The following describes an additional method for reducing the effects of DoS attacks. As described above, a communication appliance (i.e., terminal or end-point) performs specific specialized tasks carried out by a small set of protocols. The message exchanges between the appliance and media gateways and servers and the end-points themselves often involve “request-reply” type of messages, which are characterized by one-to-one pairing. A specific class of DoS attack involves sending gratuitous replies when no request has been issued. In many cases, the behavior of the communication appliance upon such a reply is unspecified and is implementation dependent. A classic exploit against VoIP systems is the sending of “gratuitous address resolution protocol (ARP) replies”, where the Media Access Control (MAC) address for any IP address is changed to the one of the attacker. Upon receiving the “ARP reply”, the communication appliance updates its ARP tables resulting in call-hijacking or the phone not being able to communicate with the media-server.
The present invention implements a message pairing rule, in which, the communication appliance effectively ignores any gratuitous replies for which it did not issue a corresponding request. Other examples request-reply messages include DHCP request-reply, and gatekeeper request-gatekeeper confirmation (GRQ-GCF) in the H.323 suite. According to this embodiment, the firewall of the communication appliance stores a list of requests which are unanswered. This list may be stored as part of the packet classification rule base. Upon receiving a packet containing a reply, the communication appliance determines whether the reply corresponds to any of the unanswered requests. If the reply corresponds to one of the unanswered requests, the reply is forwarded to the communication appliance. Otherwise, the reply is discarded.

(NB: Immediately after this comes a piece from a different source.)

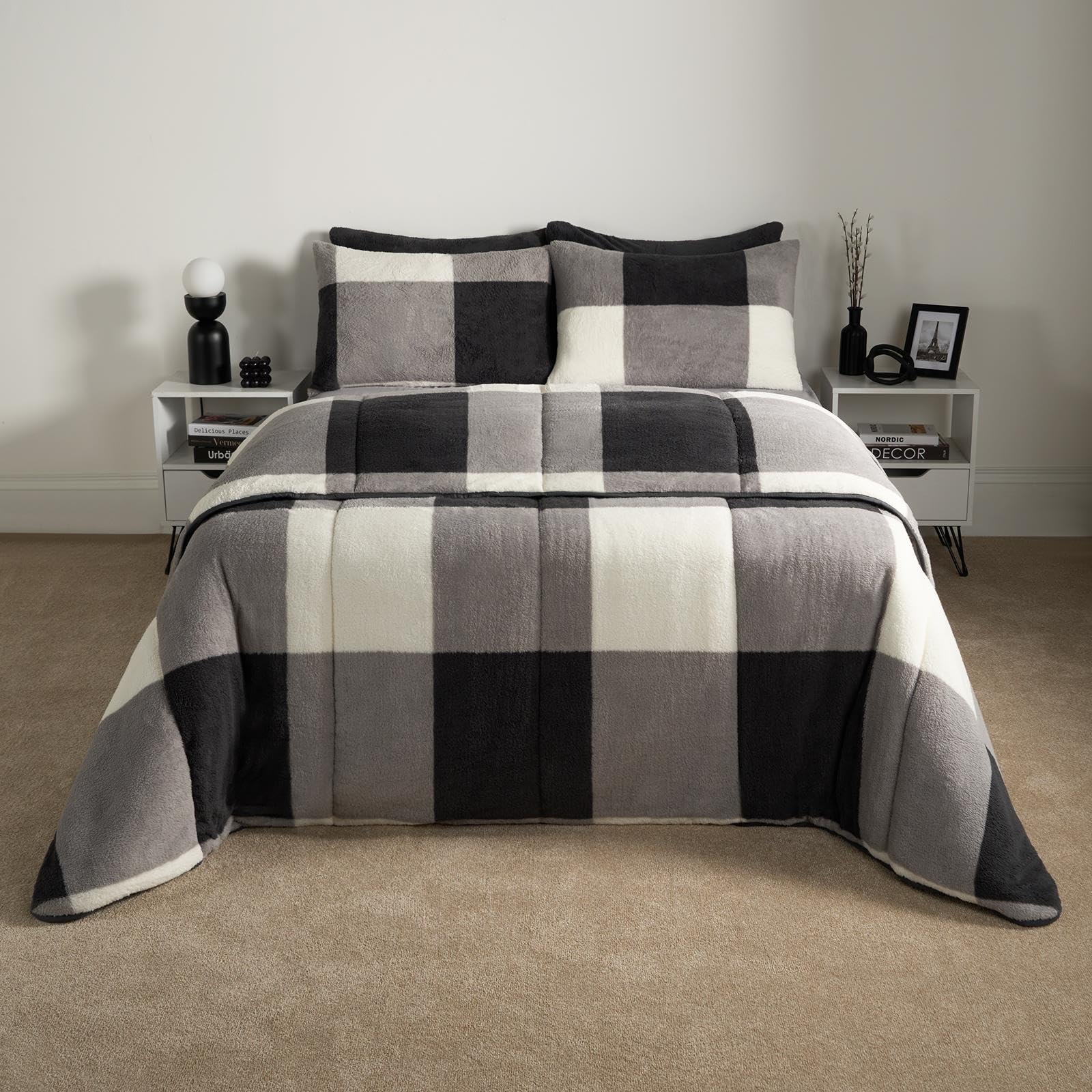 OHS Check Coverless Duvet Pillowcase Teddy Fleece Gingham 10.5 TogGreyDouble from B&Q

Thus, while there have shown and described and pointed out fundamental novel features of the invention as applied to a preferred embodiment thereof, it will be understood that various omissions and substitutions and changes in the form and details of the devices illustrated, and in their operation, may be made by those skilled in the art without departing from the spirit of the invention. For example, it is expressly intended that all combinations of those elements and/or method steps which perform substantially the same function in substantially the same way to achieve the same results are within the scope of the invention. Moreover, it should be recognized that structures and/or elements and/or method steps shown and/or described in connection with any disclosed form or embodiment of the invention may be incorporated in any other disclosed or described or suggested form or embodiment as a general matter of design choice. It is the intention, therefore, to be limited only as indicated by the scope of the claims appended hereto.